Copy everything in the records exactly; the pictures stay out.

<<<<

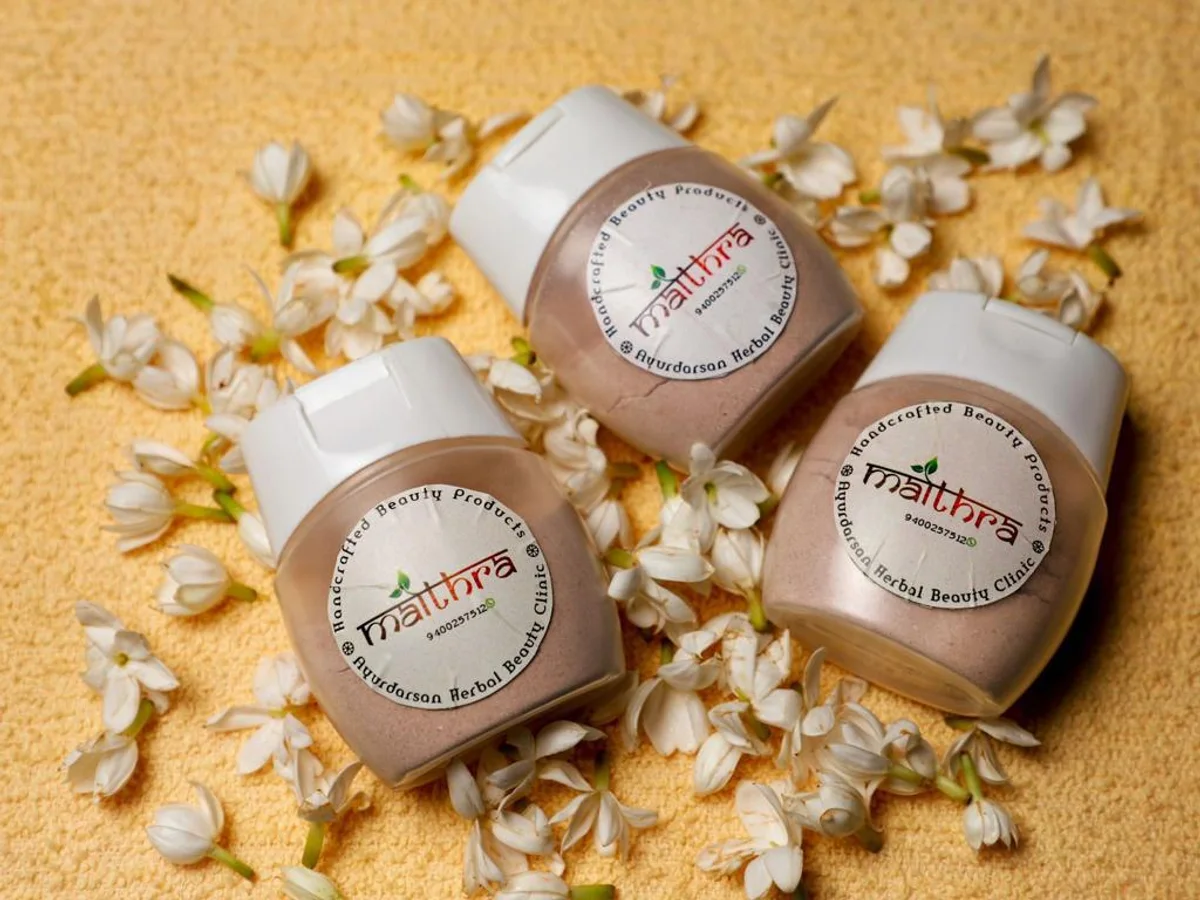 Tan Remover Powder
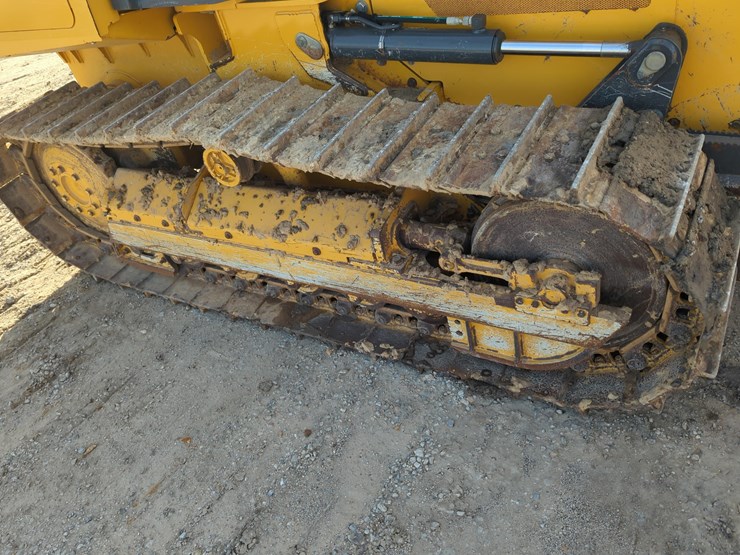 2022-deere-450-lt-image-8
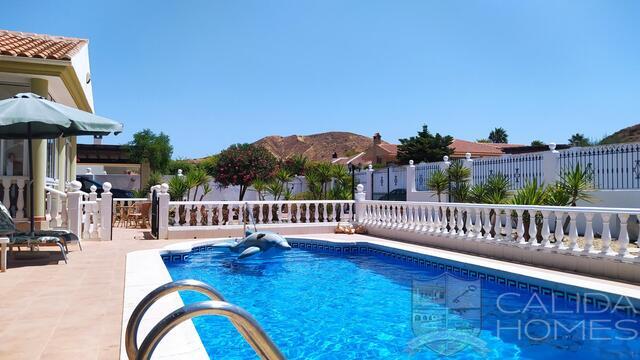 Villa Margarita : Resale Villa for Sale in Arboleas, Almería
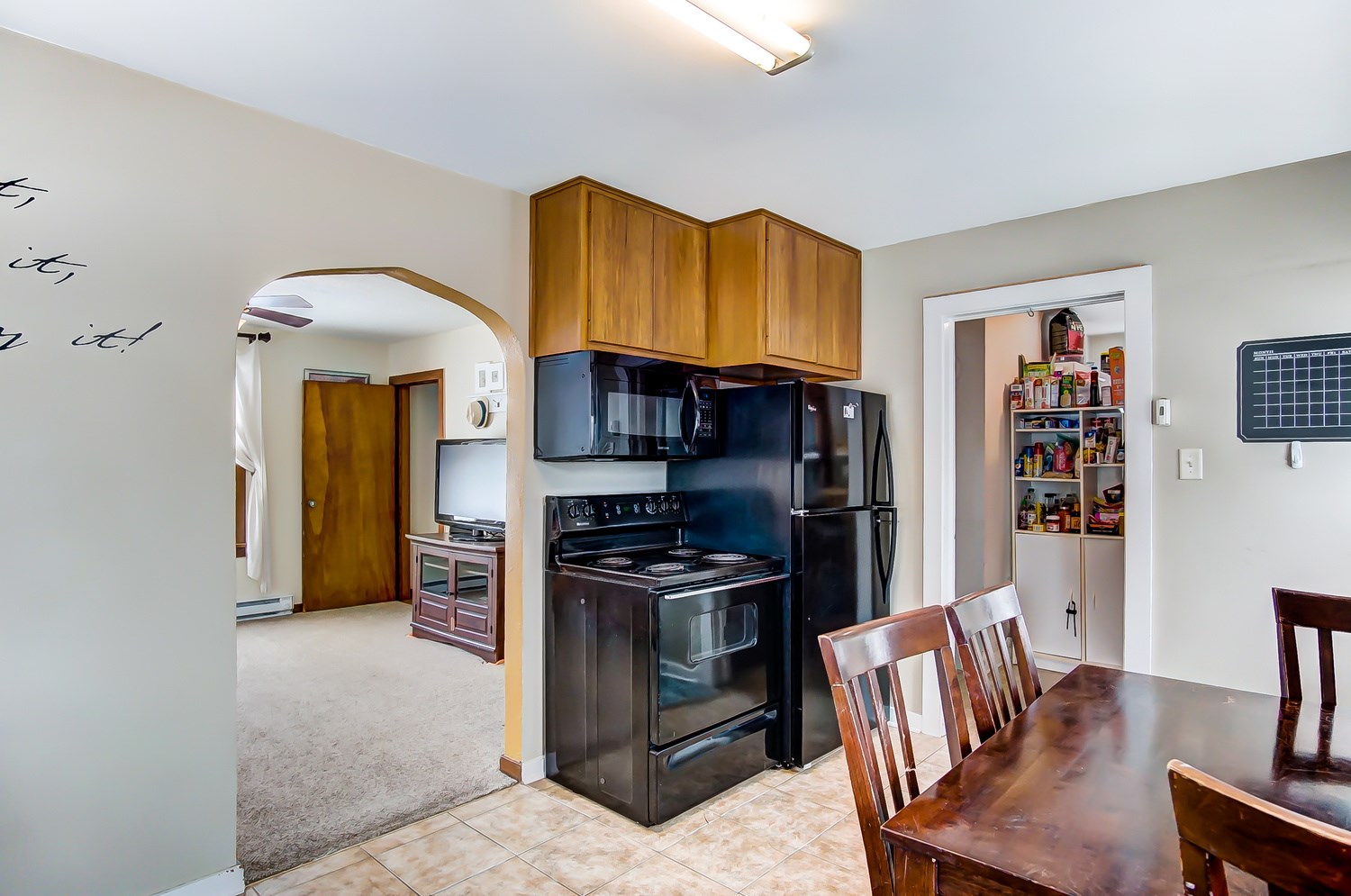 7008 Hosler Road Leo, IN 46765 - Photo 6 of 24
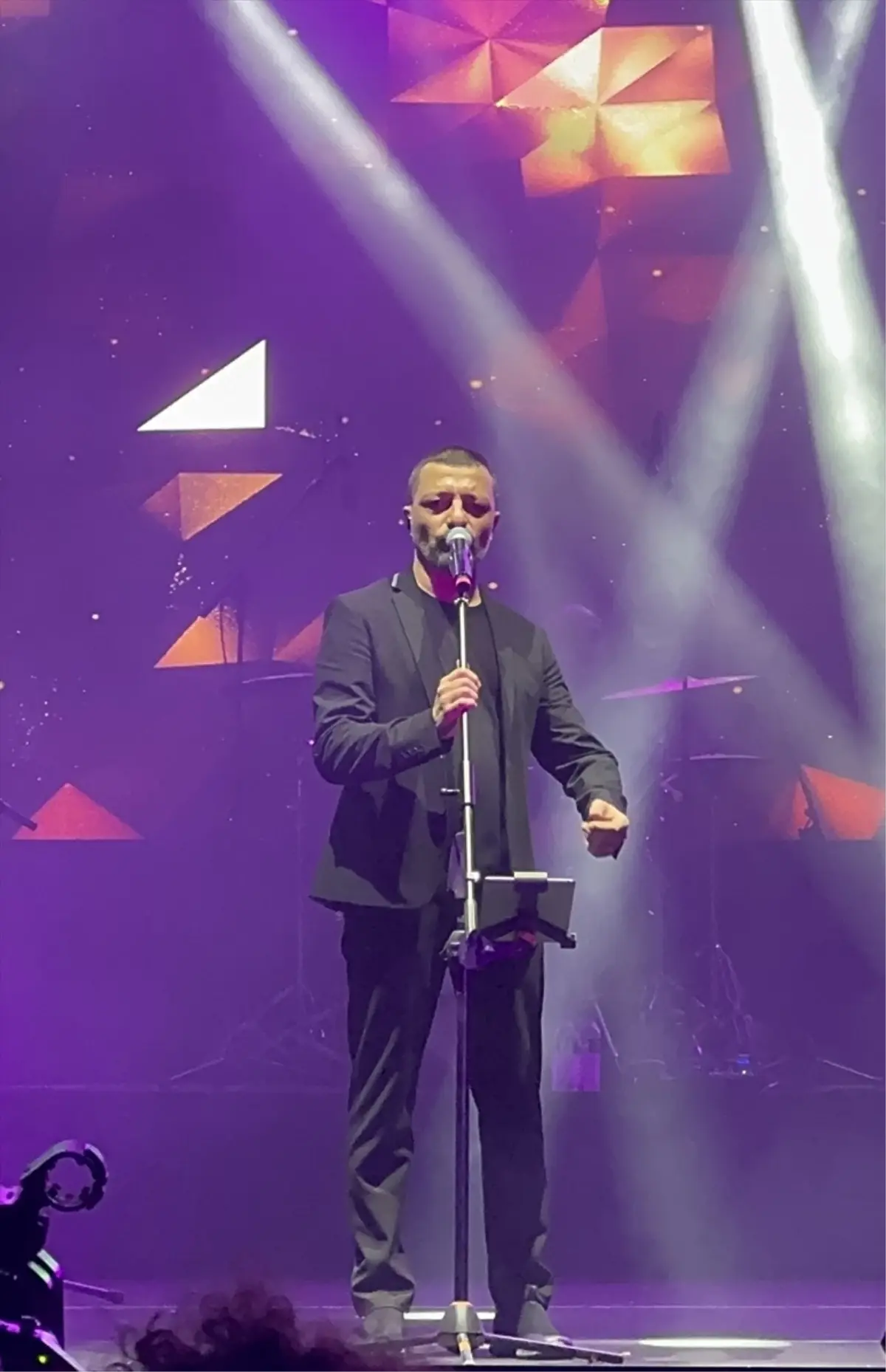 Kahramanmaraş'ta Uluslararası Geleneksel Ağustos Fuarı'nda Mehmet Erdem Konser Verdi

>>>>

**Solution below**
 Tan Remover Powder
 2022-deere-450-lt-image-8
 Villa Margarita : Resale Villa for Sale in Arboleas, Almería
 7008 Hosler Road Leo, IN 46765 - Photo 6 of 24
 Kahramanmaraş'ta Uluslararası Geleneksel Ağustos Fuarı'nda Mehmet Erdem Konser Verdi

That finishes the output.